# RECORDS SHOWN:
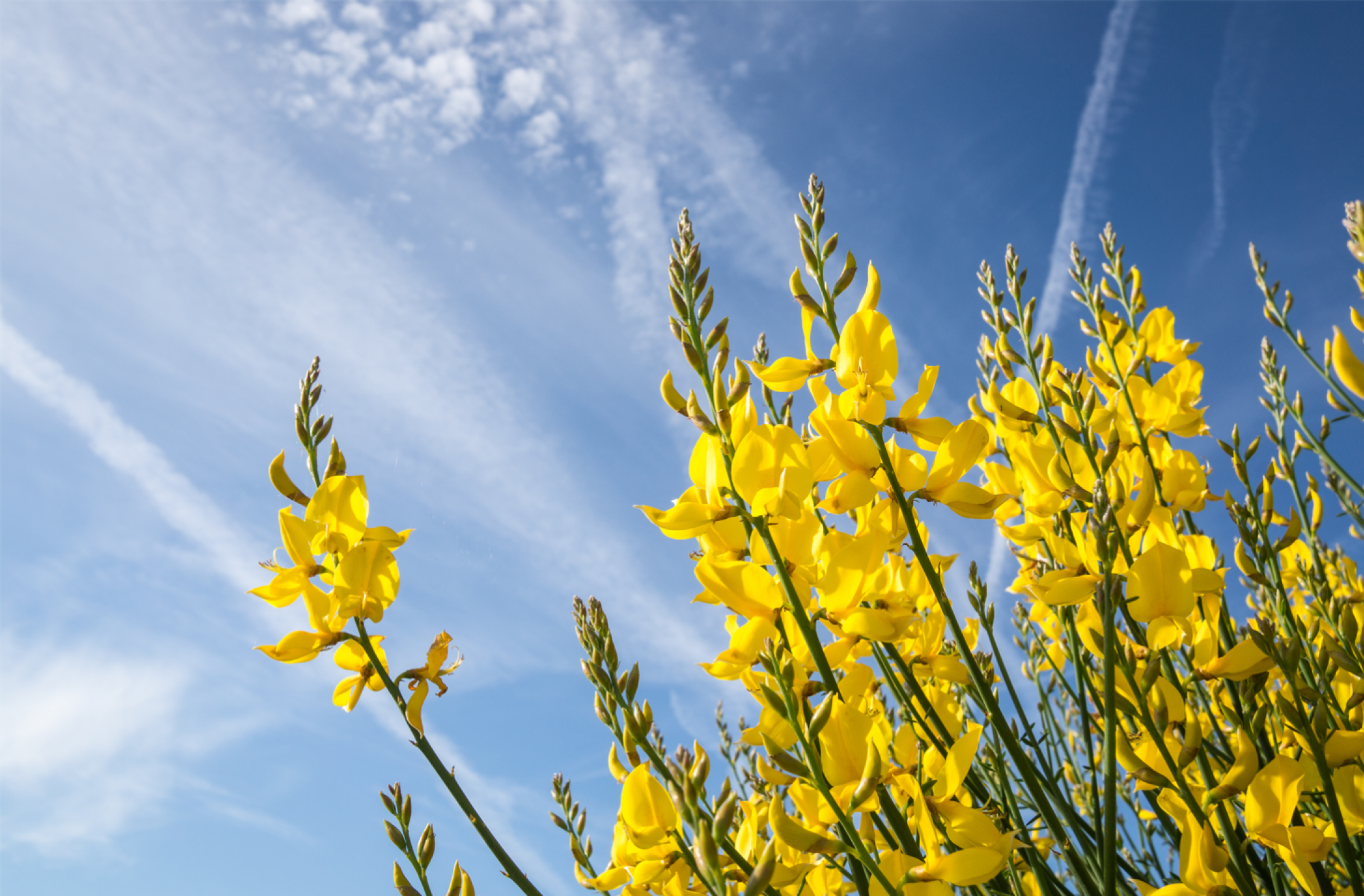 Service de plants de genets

* * *

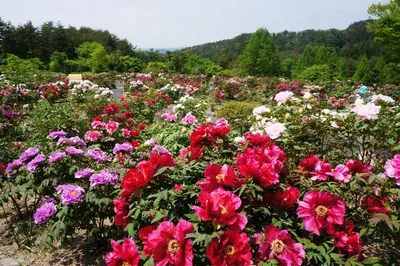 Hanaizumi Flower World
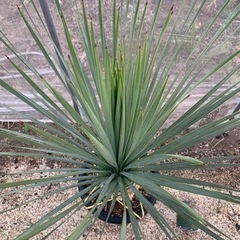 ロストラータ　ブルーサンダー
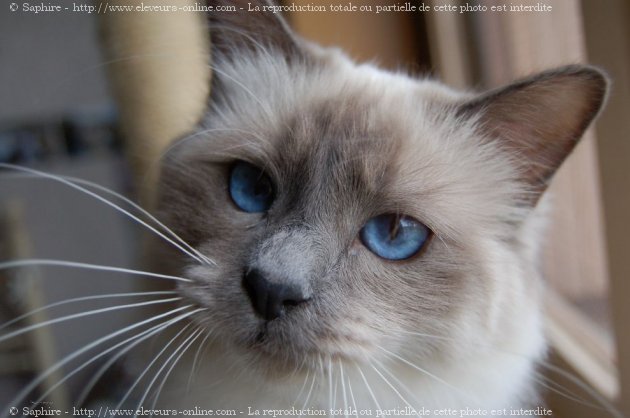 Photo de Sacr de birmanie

# YOUR TASK:
Only one part of the listing is wanted: the lines from the one containing "Hanaizumi Flower World" through the one containing "Photo de Sacr de birmanie", both included. Please transcribe it exactly, leaving out the pictures.

# YOUR RESPONSE:
 Hanaizumi Flower World
 ロストラータ　ブルーサンダー
 Photo de Sacr de birmanie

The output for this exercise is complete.